The floor was opened to Q&A. A Vashon Island resident said he was concerned that the county had told the social-services organization Entre Hermanos that it would not get a grant they’d been relying on. Braddock promised followup.
Former School Board Director Leslie Harris wondered if the Best Starts for Kids initiative could help fund mental health in schools, given the City Council’s pullback of half the $20 million funding it had promised. Constantine said he hadn’t been following that situation closely enough to comment, but observed that Best Starts for Kids is intended to help kids long before they have problems – it all “goes back to challenges that could have been addressed early on.”

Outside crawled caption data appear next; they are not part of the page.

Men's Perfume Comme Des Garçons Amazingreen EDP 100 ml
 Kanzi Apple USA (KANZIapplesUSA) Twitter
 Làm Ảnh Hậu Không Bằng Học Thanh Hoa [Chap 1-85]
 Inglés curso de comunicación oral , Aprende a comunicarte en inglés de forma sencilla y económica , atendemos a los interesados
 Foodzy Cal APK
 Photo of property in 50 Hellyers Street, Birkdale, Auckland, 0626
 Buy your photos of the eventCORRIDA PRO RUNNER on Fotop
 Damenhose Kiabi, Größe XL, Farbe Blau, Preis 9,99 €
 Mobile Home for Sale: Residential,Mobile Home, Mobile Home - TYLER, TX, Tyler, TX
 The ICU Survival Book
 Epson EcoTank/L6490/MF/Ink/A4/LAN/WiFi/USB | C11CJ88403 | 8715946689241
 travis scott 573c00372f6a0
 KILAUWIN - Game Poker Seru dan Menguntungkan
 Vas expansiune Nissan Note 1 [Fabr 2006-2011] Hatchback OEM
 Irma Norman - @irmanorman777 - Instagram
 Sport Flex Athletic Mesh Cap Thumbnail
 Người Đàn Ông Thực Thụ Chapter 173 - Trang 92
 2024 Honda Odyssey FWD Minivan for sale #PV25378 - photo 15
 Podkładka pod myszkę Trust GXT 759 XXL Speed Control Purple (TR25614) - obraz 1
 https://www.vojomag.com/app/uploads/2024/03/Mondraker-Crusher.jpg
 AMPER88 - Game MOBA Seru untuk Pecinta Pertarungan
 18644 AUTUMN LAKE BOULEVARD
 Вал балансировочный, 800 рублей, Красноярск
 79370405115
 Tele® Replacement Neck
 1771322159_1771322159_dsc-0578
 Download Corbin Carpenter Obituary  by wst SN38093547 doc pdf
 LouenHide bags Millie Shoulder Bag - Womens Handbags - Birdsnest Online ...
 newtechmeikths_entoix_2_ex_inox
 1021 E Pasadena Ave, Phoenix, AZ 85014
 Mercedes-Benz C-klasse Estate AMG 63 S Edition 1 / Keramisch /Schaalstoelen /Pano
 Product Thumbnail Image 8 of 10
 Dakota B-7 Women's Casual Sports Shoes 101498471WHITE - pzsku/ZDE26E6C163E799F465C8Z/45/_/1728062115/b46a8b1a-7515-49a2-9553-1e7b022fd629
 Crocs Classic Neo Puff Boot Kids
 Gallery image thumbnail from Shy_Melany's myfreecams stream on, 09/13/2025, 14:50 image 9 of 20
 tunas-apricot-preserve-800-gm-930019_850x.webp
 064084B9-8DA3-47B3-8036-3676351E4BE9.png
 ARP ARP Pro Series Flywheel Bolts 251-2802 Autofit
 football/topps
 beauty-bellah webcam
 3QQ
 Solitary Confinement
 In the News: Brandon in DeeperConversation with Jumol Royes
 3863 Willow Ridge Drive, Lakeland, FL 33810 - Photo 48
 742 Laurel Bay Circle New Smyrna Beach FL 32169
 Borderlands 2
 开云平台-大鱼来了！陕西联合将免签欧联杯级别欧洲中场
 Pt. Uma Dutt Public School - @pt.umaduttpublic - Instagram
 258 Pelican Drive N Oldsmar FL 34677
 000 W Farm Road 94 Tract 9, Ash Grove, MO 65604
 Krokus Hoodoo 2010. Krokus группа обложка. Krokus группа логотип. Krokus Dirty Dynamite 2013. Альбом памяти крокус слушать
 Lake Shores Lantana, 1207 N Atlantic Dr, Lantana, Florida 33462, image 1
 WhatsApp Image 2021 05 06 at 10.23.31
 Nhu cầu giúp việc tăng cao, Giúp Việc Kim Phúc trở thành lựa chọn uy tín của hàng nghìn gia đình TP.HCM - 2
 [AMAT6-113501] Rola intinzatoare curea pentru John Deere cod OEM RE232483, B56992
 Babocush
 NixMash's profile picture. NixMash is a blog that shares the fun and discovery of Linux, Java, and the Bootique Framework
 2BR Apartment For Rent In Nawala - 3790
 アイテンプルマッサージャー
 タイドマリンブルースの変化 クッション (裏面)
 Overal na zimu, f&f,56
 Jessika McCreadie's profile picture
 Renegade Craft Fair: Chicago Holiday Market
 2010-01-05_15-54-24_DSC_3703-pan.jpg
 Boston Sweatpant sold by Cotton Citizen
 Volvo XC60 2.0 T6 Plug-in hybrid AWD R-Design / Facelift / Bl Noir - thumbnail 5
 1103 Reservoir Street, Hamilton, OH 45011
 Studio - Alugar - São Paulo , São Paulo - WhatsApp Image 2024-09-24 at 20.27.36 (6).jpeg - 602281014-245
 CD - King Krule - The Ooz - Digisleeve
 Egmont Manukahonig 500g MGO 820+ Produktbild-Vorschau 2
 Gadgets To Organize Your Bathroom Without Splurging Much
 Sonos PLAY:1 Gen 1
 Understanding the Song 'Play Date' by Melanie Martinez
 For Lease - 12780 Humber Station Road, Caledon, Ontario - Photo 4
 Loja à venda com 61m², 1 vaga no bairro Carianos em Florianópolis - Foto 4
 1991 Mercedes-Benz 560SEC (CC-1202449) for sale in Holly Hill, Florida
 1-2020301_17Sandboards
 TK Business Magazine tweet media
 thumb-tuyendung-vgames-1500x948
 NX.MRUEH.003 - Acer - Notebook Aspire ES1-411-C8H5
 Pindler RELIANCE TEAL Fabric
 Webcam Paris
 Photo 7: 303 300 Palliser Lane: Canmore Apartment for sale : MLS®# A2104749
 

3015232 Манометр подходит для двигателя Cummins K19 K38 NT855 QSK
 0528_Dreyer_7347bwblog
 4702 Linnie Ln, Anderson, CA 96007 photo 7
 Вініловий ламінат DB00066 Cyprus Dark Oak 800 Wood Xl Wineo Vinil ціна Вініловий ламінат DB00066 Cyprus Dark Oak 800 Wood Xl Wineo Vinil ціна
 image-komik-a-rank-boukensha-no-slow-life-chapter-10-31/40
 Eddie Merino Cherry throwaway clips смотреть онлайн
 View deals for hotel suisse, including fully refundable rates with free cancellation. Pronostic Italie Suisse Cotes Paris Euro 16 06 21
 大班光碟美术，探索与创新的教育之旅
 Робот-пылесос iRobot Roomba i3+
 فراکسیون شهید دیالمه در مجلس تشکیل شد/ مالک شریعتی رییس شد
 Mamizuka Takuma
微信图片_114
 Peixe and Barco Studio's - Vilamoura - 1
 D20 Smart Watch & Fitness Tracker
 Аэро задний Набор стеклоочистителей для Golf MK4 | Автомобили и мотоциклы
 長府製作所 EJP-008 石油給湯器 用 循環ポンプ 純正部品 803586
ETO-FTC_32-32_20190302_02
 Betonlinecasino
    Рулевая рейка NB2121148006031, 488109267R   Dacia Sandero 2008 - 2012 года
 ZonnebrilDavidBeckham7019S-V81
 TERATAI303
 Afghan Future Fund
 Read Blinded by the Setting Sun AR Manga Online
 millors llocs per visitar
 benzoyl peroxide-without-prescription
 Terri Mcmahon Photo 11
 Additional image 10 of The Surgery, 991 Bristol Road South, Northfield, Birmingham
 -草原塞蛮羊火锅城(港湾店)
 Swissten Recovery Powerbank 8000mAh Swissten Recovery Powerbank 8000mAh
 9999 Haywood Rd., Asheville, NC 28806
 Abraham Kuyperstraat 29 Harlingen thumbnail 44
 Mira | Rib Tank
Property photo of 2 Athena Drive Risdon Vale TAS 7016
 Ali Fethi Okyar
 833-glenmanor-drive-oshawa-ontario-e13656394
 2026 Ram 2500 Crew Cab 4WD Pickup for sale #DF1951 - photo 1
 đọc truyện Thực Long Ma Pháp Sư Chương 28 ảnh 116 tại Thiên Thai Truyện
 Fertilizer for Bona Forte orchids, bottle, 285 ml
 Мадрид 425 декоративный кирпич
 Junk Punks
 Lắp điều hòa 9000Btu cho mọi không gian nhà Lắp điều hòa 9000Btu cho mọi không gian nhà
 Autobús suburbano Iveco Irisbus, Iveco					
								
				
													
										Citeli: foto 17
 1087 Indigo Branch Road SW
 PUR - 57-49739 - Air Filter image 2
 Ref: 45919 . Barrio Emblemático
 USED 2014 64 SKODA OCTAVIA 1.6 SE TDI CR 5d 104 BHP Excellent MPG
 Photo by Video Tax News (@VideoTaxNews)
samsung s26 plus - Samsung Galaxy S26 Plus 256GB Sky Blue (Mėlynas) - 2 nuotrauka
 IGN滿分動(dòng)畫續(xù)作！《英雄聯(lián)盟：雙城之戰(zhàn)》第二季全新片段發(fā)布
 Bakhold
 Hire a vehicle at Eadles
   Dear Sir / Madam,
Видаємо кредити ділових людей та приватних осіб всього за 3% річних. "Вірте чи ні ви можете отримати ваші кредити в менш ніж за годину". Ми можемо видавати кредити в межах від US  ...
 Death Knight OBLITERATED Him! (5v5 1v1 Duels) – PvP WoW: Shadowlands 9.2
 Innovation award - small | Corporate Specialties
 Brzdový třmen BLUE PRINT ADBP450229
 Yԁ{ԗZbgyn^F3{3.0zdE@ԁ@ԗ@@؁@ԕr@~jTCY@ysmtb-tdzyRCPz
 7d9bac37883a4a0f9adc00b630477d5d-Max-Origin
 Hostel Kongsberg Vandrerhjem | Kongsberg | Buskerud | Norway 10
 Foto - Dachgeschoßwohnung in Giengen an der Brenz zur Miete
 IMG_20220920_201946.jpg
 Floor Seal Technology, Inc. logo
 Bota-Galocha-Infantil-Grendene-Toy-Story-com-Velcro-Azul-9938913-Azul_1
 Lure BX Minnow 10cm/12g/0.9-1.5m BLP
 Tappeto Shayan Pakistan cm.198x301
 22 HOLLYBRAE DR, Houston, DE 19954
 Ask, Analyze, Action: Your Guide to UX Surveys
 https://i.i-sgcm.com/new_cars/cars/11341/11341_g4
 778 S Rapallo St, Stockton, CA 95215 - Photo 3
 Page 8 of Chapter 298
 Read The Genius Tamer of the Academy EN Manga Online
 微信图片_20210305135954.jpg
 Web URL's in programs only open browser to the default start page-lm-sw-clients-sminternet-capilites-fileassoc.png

Another question was from 34DDs’ board member Ann Martin, asking Constantine to comment on the importance of the presidential election. He agreed that “this is not just about wanting ‘our team’ to win,” but the way that local governments can “work hand in hand” with the White House, citing a “closer and deeper relationship” with the Biden/Harris Administration. He said he has faith that “Kamala Harris is going to … figure out how to use the power of the federal government to lift us all up.”
That ended the Q&A and segued into the presidential-endorsement do-over vote necessitated by the party’s change at the top of the ticket. The group voted to formally endorse the Harris-Walz ticket. They also voted to formally oppose Initiative 2066, contending “nobody’s coming for your gas stove.” And the group voted in favor of two resolutions – one supporting the app-based workers’ minimum wage, which the City Council is considering scaling back, and another supporting the city’s plan to develop low-income housing at the former Fort Lawton in Magnolia.
Most 34th DDs meetings are preceded by a pre-meeting presentation; for this one, it was about getting out the vote, highlighted by Postcards for Voters, which meets twice a week to write and send postcards to prospective voters in other parts of the country.
WHAT’S NEXT: Upcoming events announced at the meeting included the West Seattle Democratic Women‘s picnic on August 22, a pop-up social night at Georgetown Brewing on August 23, the 34th DDs’ annual picnic on September 7, and the next meeting September 11, which they say will be the last one they hold online. Watch their website for information on all of the above.